Road sections in a traffic network manifest strong correlation of traffic flows, especially during the period of rush hours. Due to the correlations, classifying road sections into groups benifit the identification of traffic behavior of road sections based on the behavior of one or several road sections in the same group. The collective behavior of road sections in a group is of importance in implimenting traffic planning and managenment. Therefore, this report aims at clustering road sections with respect to the correlations of traffic flows. To this end, we work out the correlation matrix with the open dataset from Ministry of Transport of the State of North Rhine-Westphalia (NRW), Germany.

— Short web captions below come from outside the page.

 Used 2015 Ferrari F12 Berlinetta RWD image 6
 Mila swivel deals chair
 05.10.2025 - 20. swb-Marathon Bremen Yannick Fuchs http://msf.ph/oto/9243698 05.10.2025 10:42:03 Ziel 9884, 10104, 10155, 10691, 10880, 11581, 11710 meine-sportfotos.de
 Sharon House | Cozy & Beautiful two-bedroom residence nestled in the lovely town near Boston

After dimensional reduction of the correlation matrix, four clustering methods, including $k$-means clustering, hierarchical clustering, DBSCAN clustering and mean shift clustering, are applied to our data set and their clustering results are compared in terms of the silhouette values, which measures the cluster cohesion and separation. We summize our results and give the suggestions for next steps around this study.

2 Data

2.1 Description of datasets

This report uses the open dataset from Ministry of Transport of the State of North Rhine-Westphalia (NRW), Germany, with the Data license Germany attribution 2.0. It lists the annual results of traffic census in NRW during 2017. The attributes of the raw dataset are listed in Table 2, which contains the attributes' abbrivations, full names, units and data types. After data cleaning, the used data attributes are listed Table 3. The data is aggregated by counting station name (ZST_NAME) and street class and number (STRASSE), respectively, resulting a data matrix df3 and df4, which will be used for analysis.

Table 1: the annual results of traffic census in NRW during 2017

Table 2: a summary of the dataset's attributes

2.2 Data cleaning

The data cleaning for the used dataset is carried out by converting the data types of some variables, i.e., attributes, grouping with counting station name (ZST_NAME) and street class and number (STRASSE), respectively, and checking and removing the missing values.

Table 3: a summary of used data attributes

Table 4: data of road sections

Table 5: data of motorways

Now data frames df3 for the data of road sections and df4 for the data of motorways are clearned for using. In the following, we will focus on the data matrix df3 with 18 attributes as columns and 323 counting stations, representing 323 road sections, as rows.

2.3 Feature engineering

Feature engineering is performed by visualizing the data matrix, displaying the relationship of six vechicle types, examing the skew values and logarithmically tranforming the highly skewed variables.